4.3 决定高寒草甸沙化过程中植物群落与物种多样性变化的主导因素

表土水分、温度和电导率在一定程度上解释了(31.10%)玛曲高寒草甸沙化过程中植物群落的组成结构与演替规律。伴随沙化发展,生境呈现出土表水分与养分逐渐降低、温度曲折上升的变化规律,群落出现湿生—中生—旱生的演替格局[40],喜冷湿环境的草玉梅、蓝玉簪龙胆等物种逐步退出,取而代之的是较为耐旱的微孔草、藏虫实等退化种。同时,赖草作为优势种伴随了整个退化过程,是沙化生境中维持群落的关键种。

温度和水分是高寒草甸区影响植物生长的关键环境要素[10]。本研究中(图 3),潜在沙化阶段植物的多度、盖度同表土温度和水分的相关性较差,可能源于该阶段生态系统未发生退化,生境承载力较高且基本饱和,植物生产力处于稳定水平,对外界环境的适度波动不敏感。Shannon-Wiener指数、Simpson指数和Pielou指数与表土水分、电导率呈正相关,而与温度间呈负相关,可能原因与适生于潜在沙化区域的群落类型有关,冷湿环境为蓝玉簪龙胆、草玉梅、黄帚橐吾(Ligulariavirgaurea)和苣荬菜(Sonchusarvensis)等物种的定植与繁衍提供了便利。轻度沙化阶段,植物盖度、多度、物种丰富度以及多样性指数同表土温度呈正相关,而与表土水分呈一定的负相关性。主要原因是轻度阶段表土温度为24.32 ℃,属各沙化阶段最低,温度本底值较低时,热量增加能够有效提升土壤微生物活性与植物机体代谢能力,解除了低温对植物的限制,有助于种群的繁衍与扩张[10,41-42]。同时,轻度阶段土壤水分充沛,足够植物生长所需[10],当水分持续增加时,部分中生与旱生物种的入侵与繁育将受到限制。沙化发展至中度、重度乃至极重度阶段,表土水分与电导率对植物生产力与多样性水平的正面效应愈加突出,表土温度的影响由积极转向负面或不相关。主要原因一方面是伴随沙化加剧,土壤团粒结构破坏严重,富含养分的黏粉粒大量散失,土壤质地呈明显的粗粒化与贫瘠化特征,与此同时,土壤机械阻力增加,孔隙度减少,表层水分难以留存[34],这一过程中,玛曲高寒草甸土壤的水养条件由富足转向匮乏,植物生长发育对其的需求趋于紧迫。
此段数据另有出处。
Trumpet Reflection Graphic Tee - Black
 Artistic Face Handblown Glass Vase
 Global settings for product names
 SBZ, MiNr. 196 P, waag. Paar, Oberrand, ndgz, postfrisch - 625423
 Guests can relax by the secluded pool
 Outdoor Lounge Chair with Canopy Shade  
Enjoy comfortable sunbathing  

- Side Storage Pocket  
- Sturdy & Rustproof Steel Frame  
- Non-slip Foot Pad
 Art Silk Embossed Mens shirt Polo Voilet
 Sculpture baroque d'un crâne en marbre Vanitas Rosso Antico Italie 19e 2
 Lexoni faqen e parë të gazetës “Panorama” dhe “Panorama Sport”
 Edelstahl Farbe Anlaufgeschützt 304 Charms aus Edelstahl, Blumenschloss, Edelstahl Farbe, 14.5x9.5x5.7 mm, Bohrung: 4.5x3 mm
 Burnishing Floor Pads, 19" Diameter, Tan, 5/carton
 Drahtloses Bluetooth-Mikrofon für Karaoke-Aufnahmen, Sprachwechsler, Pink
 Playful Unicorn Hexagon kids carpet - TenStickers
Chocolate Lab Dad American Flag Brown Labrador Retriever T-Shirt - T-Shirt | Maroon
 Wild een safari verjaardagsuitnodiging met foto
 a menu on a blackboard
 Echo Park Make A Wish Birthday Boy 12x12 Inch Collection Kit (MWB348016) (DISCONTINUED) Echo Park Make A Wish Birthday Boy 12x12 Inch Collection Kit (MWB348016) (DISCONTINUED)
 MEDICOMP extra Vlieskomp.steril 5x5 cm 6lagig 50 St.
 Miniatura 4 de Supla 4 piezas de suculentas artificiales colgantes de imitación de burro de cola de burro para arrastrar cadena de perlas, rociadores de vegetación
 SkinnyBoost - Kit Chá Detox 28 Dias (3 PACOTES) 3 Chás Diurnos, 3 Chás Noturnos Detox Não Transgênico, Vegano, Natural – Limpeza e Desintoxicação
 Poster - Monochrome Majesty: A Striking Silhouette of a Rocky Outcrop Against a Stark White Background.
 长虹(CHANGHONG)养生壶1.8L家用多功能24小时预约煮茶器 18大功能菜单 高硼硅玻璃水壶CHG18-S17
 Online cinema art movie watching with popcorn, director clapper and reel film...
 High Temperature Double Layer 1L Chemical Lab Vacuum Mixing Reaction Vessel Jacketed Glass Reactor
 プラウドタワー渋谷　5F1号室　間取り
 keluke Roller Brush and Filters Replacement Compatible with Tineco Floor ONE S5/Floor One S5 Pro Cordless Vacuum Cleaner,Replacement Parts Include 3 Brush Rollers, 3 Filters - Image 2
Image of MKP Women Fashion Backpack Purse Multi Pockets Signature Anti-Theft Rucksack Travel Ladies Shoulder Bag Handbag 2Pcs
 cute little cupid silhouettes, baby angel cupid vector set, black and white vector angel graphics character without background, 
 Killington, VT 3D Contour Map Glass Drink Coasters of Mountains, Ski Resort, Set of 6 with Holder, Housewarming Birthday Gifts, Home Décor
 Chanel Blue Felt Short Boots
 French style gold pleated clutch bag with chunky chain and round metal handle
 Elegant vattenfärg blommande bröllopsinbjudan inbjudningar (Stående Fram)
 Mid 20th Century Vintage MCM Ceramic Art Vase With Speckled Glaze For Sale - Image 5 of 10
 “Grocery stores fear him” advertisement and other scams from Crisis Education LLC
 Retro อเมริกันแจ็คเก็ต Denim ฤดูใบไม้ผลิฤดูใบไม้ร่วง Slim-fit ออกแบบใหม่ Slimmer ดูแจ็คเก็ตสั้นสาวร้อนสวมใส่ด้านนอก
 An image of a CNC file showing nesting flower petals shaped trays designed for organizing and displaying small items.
另一方面,表土温度持续上升加剧了水分散失,且温度过高抑制了微生物活性,不利于枯落物分解与养分周转,植物生长受到限制[43]。值得注意的是,中度、重度和极重度阶段,表土环境因子对排序图的方差解释率不足40%,表明排序图虽然在一定程度上能够反映这些沙化阶段表土温度、水分、电导率与植物群落特征及多样性指数的关系,但这种关系表达并不全面,预示着其他环境要素对植物群落特征与多样性水平的影响更为深刻,依据前人研究,结合样地中频繁出现的牲畜粪便和踩踏痕迹,可判断这些影响主要源于人类的放牧活动[10, 44-46]。鉴于此,今后高寒草甸生态系统的沙漠化监测中,特别是沙化发展到中度乃至更严重阶段时,放牧活动的测度与管理应是关注的重点。

5 结论

研究明晰了玛曲高寒草甸沙漠化各阶段表土环境因子与植物群落的变化规律及两者间的相关性。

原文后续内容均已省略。